What you are asked to do:
For every record that follows, transcribe the text exactly and leave any image out.

Extracted records:
----------------
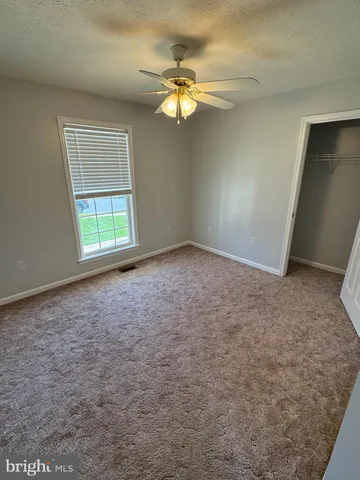 a view of a room with a wooden floor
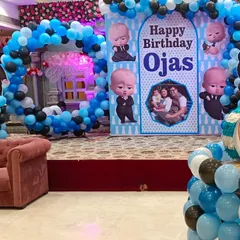 Who's the boss? Your little one is. Our Boss Baby theme is perfect for a first birthday, featuring a custom backdrop with the birthday boy's name and photo, surrounded by a stylish blue, black, and white balloon arch.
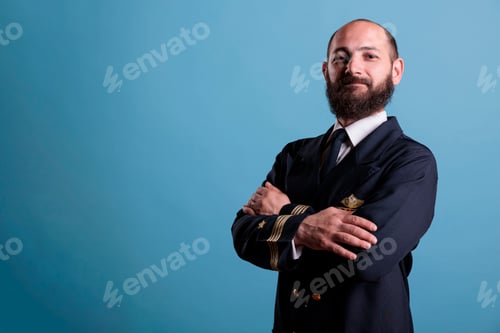 Preview: Airplane captain wearing uniform portrait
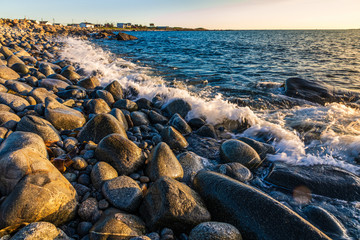 Beautiful coastal sunset scene along the Atlantic Ocean at dusk.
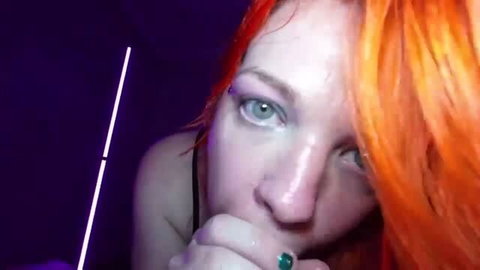 Redhead lactating slut with green nails, up close face shot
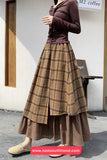 Person wearing a brown plaid skirt and top in an outdoor setting.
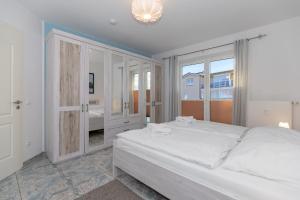 キュールングスボルンにあるAm-Yachthafen-Villa-Fehmarn-Wohnung-38-586の白いベッドルーム(大型ベッド1台、窓付)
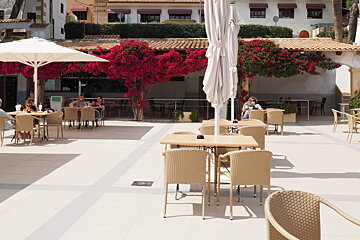 a terrace with cream wicker chairs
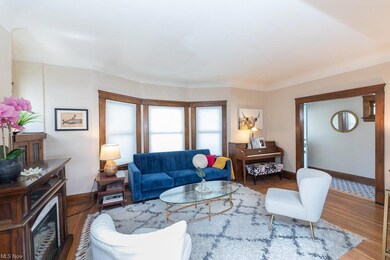 Living room with built-in leaded glass cabinets, bay window & hardwood floors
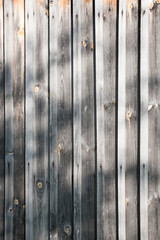 Vintage natural wood background – wall. Old weathered wooden plank in gray color. Wood texture, background with natural shadows. Wood for interior exterior decoration, industrial construction concept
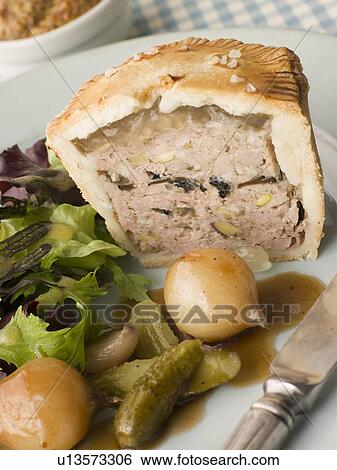 Stock Photograph - Pork Black Truffle and Pistachio Pie with Glazed Button Onions and Cornichons. Fotosearch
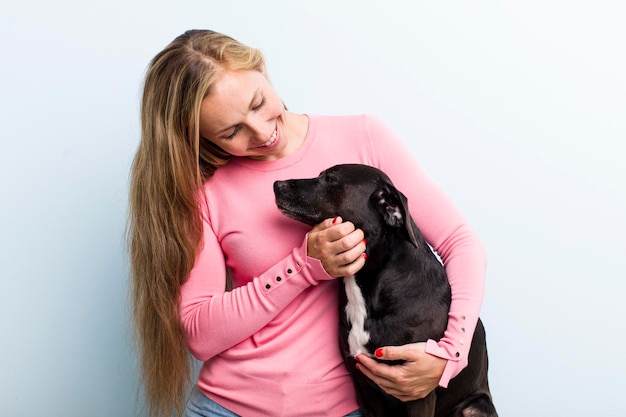 彼女の犬と一緒に楽しんでいるかなり金髪の若い大人の女性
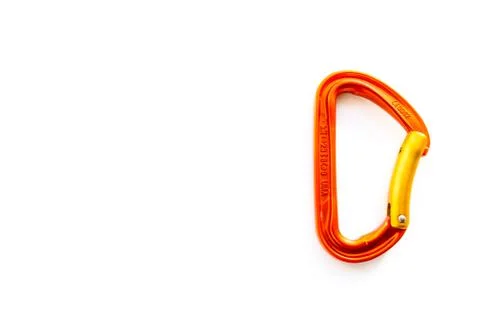 Orange solid bent gate carabiner for rope clipping, isolated on white background 스톡 사진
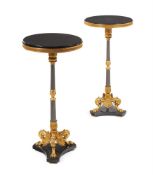 A PAIR OF GILT AND PATINATED METAL PEDESTAL OCCASIONAL TABLES IN EMPIRE STYLE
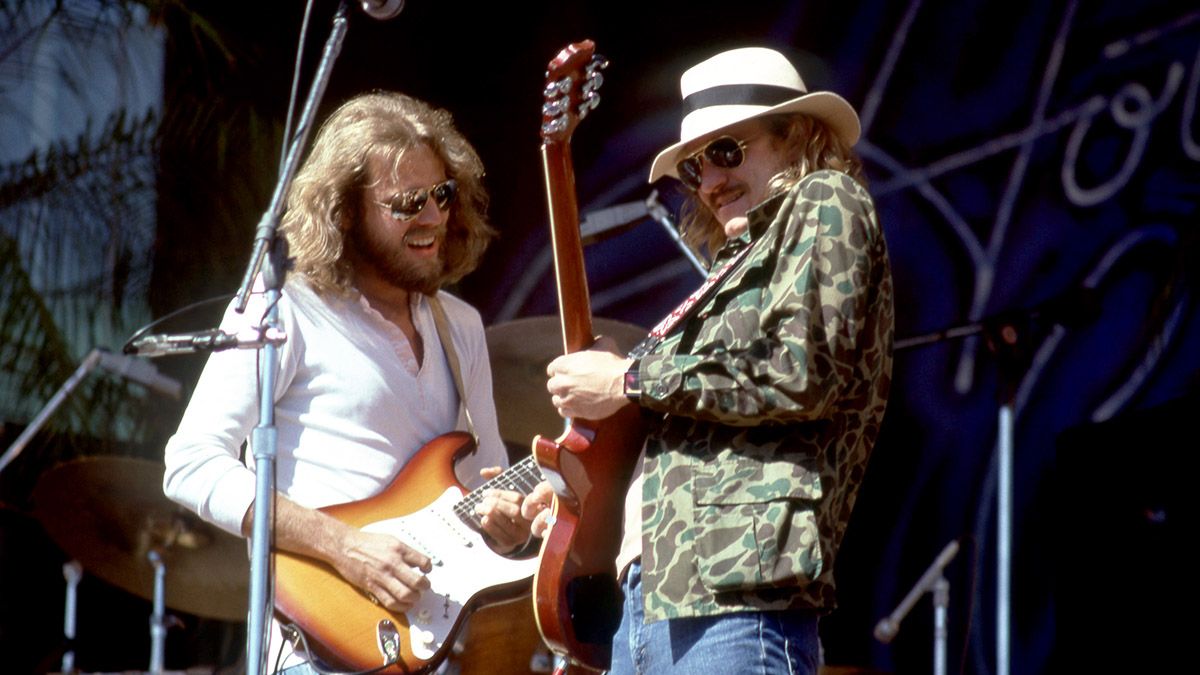 The Eagles&#039; Don Felder (left) and Joe Walsh exchange licks onstage in 1977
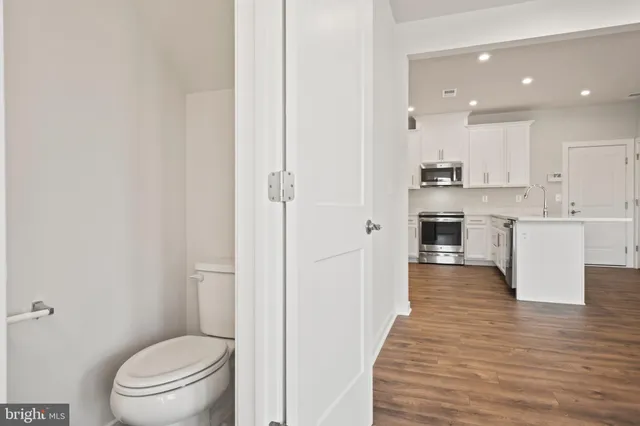a bedroom with a bed and glass window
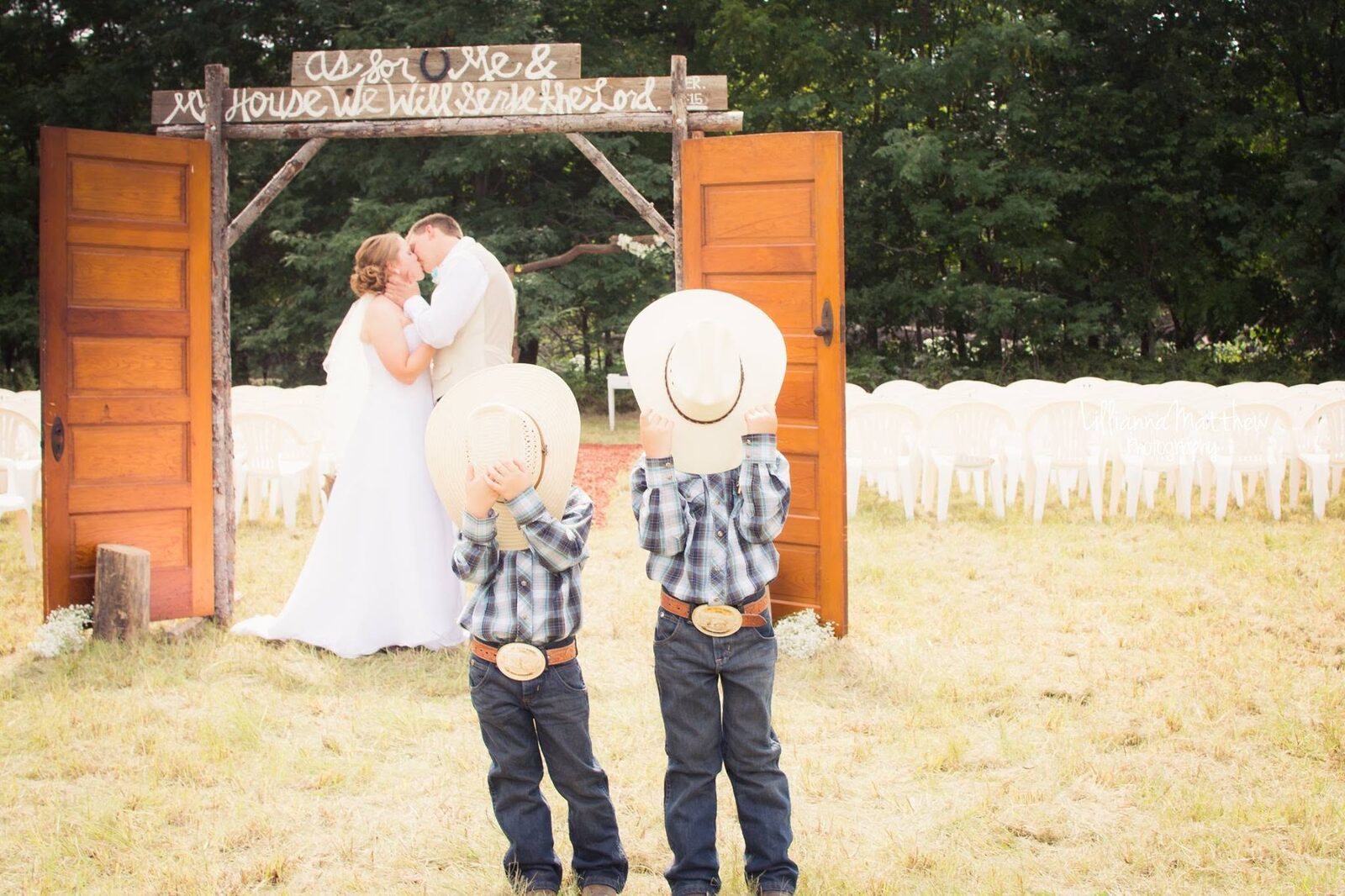 Bride and groom kissing under a rustic wooden arch with two young ring bearers in cowboy hats in the foreground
----------------
Solution to the exercise:
 a view of a room with a wooden floor
 Who's the boss? Your little one is. Our Boss Baby theme is perfect for a first birthday, featuring a custom backdrop with the birthday boy's name and photo, surrounded by a stylish blue, black, and white balloon arch.
 Preview: Airplane captain wearing uniform portrait
 Beautiful coastal sunset scene along the Atlantic Ocean at dusk.
 Redhead lactating slut with green nails, up close face shot
 Person wearing a brown plaid skirt and top in an outdoor setting.
 キュールングスボルンにあるAm-Yachthafen-Villa-Fehmarn-Wohnung-38-586の白いベッドルーム(大型ベッド1台、窓付)
 a terrace with cream wicker chairs
 Living room with built-in leaded glass cabinets, bay window & hardwood floors
 Vintage natural wood background – wall. Old weathered wooden plank in gray color. Wood texture, background with natural shadows. Wood for interior exterior decoration, industrial construction concept
 Stock Photograph - Pork Black Truffle and Pistachio Pie with Glazed Button Onions and Cornichons. Fotosearch
 彼女の犬と一緒に楽しんでいるかなり金髪の若い大人の女性
 Orange solid bent gate carabiner for rope clipping, isolated on white background 스톡 사진
 A PAIR OF GILT AND PATINATED METAL PEDESTAL OCCASIONAL TABLES IN EMPIRE STYLE
 The Eagles&#039; Don Felder (left) and Joe Walsh exchange licks onstage in 1977
a bedroom with a bed and glass window
 Bride and groom kissing under a rustic wooden arch with two young ring bearers in cowboy hats in the foreground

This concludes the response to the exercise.